– Доминиканские монахи переводят или переписывают. Они переводят греческие тексты или копируют святых отцов, писавших на латыни. Пятьдесят кож, брат Антонен, хватило бы для “Органона” Аристотеля, но велень слишком дорогая, так отчего же приор не уведомил орден? Тебе это известно?
– Нет, святой отец.
– А ты, брат Робер, все молчишь?
– Приор об этих делах не рассказывает, – отозвался Робер.
– Вот оно как… – продолжал инквизитор, и голос его зазвучал более сурово. – Однако есть вещи, о которых не обязательно говорить, но ты все равно узнаешь. Вот ты, например, Робер де Нюи, сын Альбера. Я знаю о тебе всю правду, хотя ты мне в ней не сознался.
Инквизитор велел позвать облата. Старый крестоносец вошел и приблизился к ним. В руках у него была цепь с двумя железными кольцами, свисавшими до самой земли. Инквизитор достал из кармана своей рясы свиток пергамента и развернул его.

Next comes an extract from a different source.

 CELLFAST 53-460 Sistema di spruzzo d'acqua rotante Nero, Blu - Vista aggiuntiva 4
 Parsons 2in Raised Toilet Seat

– Здесь у меня обвинительный акт. Некий доминиканец прошлой весной поколотил одного из наших братьев францисканцев, когда тот проповедовал слово Божие. По-твоему, это правдивая история?
Робер потупился, не в силах произнести ни слова.
– Видишь ли, Робер де Нюи, доминиканцы – миролюбивый орден, у него братские отношения с членами всех других христианских орденов, в особенности с нищенствующими братьями-францисканцами.
Инквизитор махнул рукой, и облат надел кандалы на лодыжки Робера. Молодой монах почти не сопротивлялся, когда два солдата схватили его за плечи и подняли на ноги. Затекшие ноги его не слушались, и он послушно позволил тащить себя к выходу из часовни.
– Святой отец…
Инквизитор движением руки остановил стражей.
– Ты хочешь говорить, брат Антонен?
– Да, святой отец.
– В защиту своего брата?
– Епископ Альби его уже осудил, и он исполнил епитимью.
– Епископ? Как можно сравнивать епископское наказание с судом инквизиции? Твой орден был выбран папой, дабы судить дела Церкви, а ты, брат из Верфёя, пытаешься прекословить мне, мешая наказать паршивую овцу, которая марает наши белые одежды?
– На него наложили суровую епитимью, я тому свидетель.
Инквизитор посмотрел на него притворно ласковым взглядом и негромко продолжал:
– Брат, знаешь, почему на судах инквизиции никогда не бывает адвокатов?
Антонен покачал головой.
– Потому что обвиняемого защищает сам Господь. Он решает, помиловать его или покарать, и говорит моими устами.
– Робер невиновен, святой отец.
– Довольно! – отрезал инквизитор, хлопнув ладонью по подлокотнику кресла.
Он повернулся к Роберу, и его крупное тело заколыхалось. Он ткнул себе в грудь пальцем с железным кольцом.
– Мне решать, каким должно быть твое наказание. Тебя поместят в “узкую стену”[5] до тех пор, пока ты не предстанешь перед моим судом. Уведите его.
Облаты утащили закованного в цепи Робера, и он исчез из виду. Антонен остался наедине с инквизитором. Его душой завладела неудержимая ярость, у него внутри все перевернулось. Он сжал кулаки и отогнал прочь молитвы, стучавшие в его христианское сердце.
Глава 7
Предательство
– Что такое “узкая стена”?
– А ты как думаешь, монашек? – хмыкнул облат, которому задал вопрос Антонен.
Один из солдат сказал:
– Камера, где ты сможешь устроиться с удобством. Там ты научишься спать стоя.
Подгоняемый их гнусными смешками, Антонен поспешил к дортуару.
Настала непроглядная, сырая ночь. Свечи в доме Сейана ничего не освещали. В переходах неверный свет сочился еле‐еле, стекая желтыми каплями вместе с воском и указывая дорогу тараканам. Таким Антонену показался и пустынный внутренний двор – дорогой тараканов. Бродившие по нему братья следовали маршруту, обозначенному бледными огоньками, такими же чахлыми, как их души. “Тараканы… тараканы”, – повторял Антонен по пути к дортуару, думая о своем товарище, и его глаза наполнялись слезами.